Signed-off-by: Pankaj Raghav <p.raghav@xxxxxxxxxxx>
---

After disucssing a bit in LSFMM about this, it was clear that using a
PMD sized zero folio might not be a good idea[0], especially in platforms
with 64k base page size, the huge zero folio can be as high as
512M just for zeroing small block sizes in the direct IO path.

The idea to use iomap_init to allocate 64k zero buffer was suggested by
Dave Chinner as it gives decent tradeoff between memory usage and efficiency.

This is a good enough solution for now as moving beyond 64k block size
in XFS might take a while. We can work on a more generic solution in the
future to offer different sized zero folio that can go beyond 64k.

[0] https://lore.kernel.org/linux-fsdevel/ZkdcAsENj2mBHh91@xxxxxxxxxxxxxxxxxxxx/

 fs/internal.h          | 8 ++++++++
 fs/iomap/buffered-io.c | 5 +++++
 fs/iomap/direct-io.c   | 9 +++++++--
 3 files changed, 20 insertions(+), 2 deletions(-)

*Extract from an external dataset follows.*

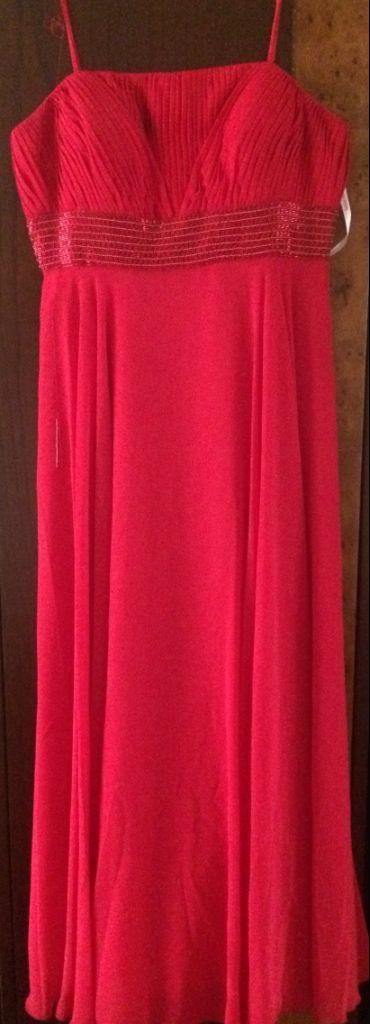 Vestido de fiesta rojo. Talla L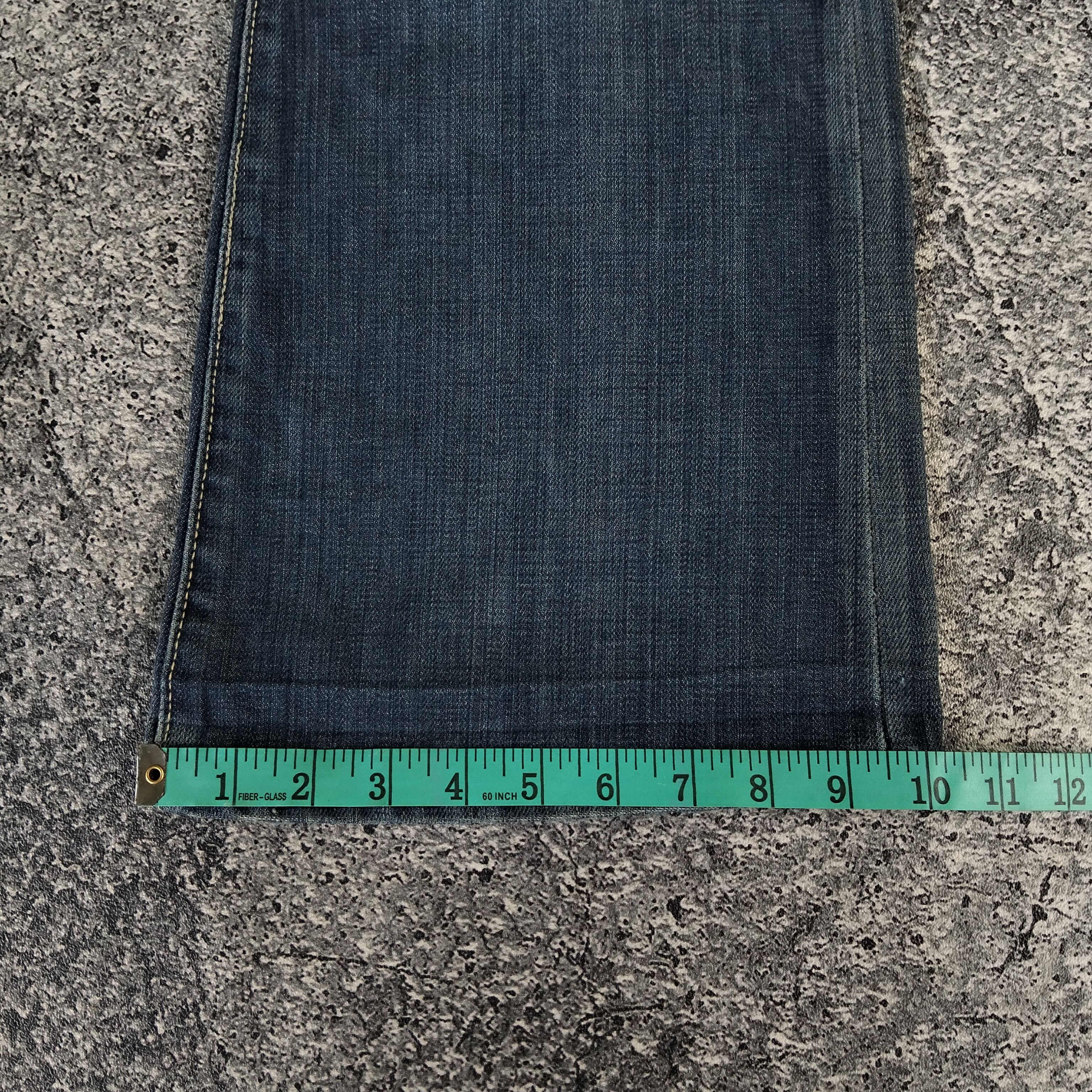 7 For All Mankind 7 For All Mankind Flared Button Fly Blue Wash Faded Jeans Size US 30 / EU 46 - 19 Thumbnail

diff --git a/fs/internal.h b/fs/internal.h
index 84f371193f74..18eedbb82c50 100644
--- a/fs/internal.h
+++ b/fs/internal.h
@@ -35,6 +35,14 @@ static inline void bdev_cache_init(void)
 int __block_write_begin_int(struct folio *folio, loff_t pos, unsigned len,
 		get_block_t *get_block, const struct iomap *iomap);
 
+/*
+ * iomap/buffered-io.c
+ */
+
+#define ZERO_FSB_SIZE (65536)
+#define ZERO_FSB_ORDER (get_order(ZERO_FSB_SIZE))
+extern struct page *zero_fs_block;
+
 /*
  * char_dev.c
  */
diff --git a/fs/iomap/buffered-io.c b/fs/iomap/buffered-io.c
index c5802a459334..2c0149c827cd 100644
--- a/fs/iomap/buffered-io.c
+++ b/fs/iomap/buffered-io.c
@@ -42,6 +42,7 @@ struct iomap_folio_state {
 };
 
 static struct bio_set iomap_ioend_bioset;
+struct page *zero_fs_block;
 
 static inline bool ifs_is_fully_uptodate(struct folio *folio,
 		struct iomap_folio_state *ifs)
@@ -1998,6 +1999,10 @@ EXPORT_SYMBOL_GPL(iomap_writepages);
 
 static int __init iomap_init(void)
 {
+	zero_fs_block = alloc_pages(GFP_KERNEL | __GFP_ZERO, ZERO_FSB_ORDER);
+	if (!zero_fs_block)
+		return -ENOMEM;
+
 	return bioset_init(&iomap_ioend_bioset, 4 * (PAGE_SIZE / SECTOR_SIZE),
 			   offsetof(struct iomap_ioend, io_bio),
 			   BIOSET_NEED_BVECS);
diff --git a/fs/iomap/direct-io.c b/fs/iomap/direct-io.c
index f3b43d223a46..50c2bca8a347 100644
--- a/fs/iomap/direct-io.c
+++ b/fs/iomap/direct-io.c
@@ -236,17 +236,22 @@ static void iomap_dio_zero(const struct iomap_iter *iter, struct iomap_dio *dio,
 		loff_t pos, unsigned len)
 {
 	struct inode *inode = file_inode(dio->iocb->ki_filp);
-	struct page *page = ZERO_PAGE(0);
 	struct bio *bio;
 
+	/*
+	 * Max block size supported is 64k
+	 */
+	WARN_ON_ONCE(len > ZERO_FSB_SIZE);
+
 	bio = iomap_dio_alloc_bio(iter, dio, 1, REQ_OP_WRITE | REQ_SYNC | REQ_IDLE);
 	fscrypt_set_bio_crypt_ctx(bio, inode, pos >> inode->i_blkbits,
 				  GFP_KERNEL);
+
 	bio->bi_iter.bi_sector = iomap_sector(&iter->iomap, pos);
 	bio->bi_private = dio;
 	bio->bi_end_io = iomap_dio_bio_end_io;
 
-	__bio_add_page(bio, page, len, 0);
+	__bio_add_page(bio, zero_fs_block, len, 0);
 	iomap_dio_submit_bio(iter, dio, bio, pos);
 }
 
-- 
2.34.1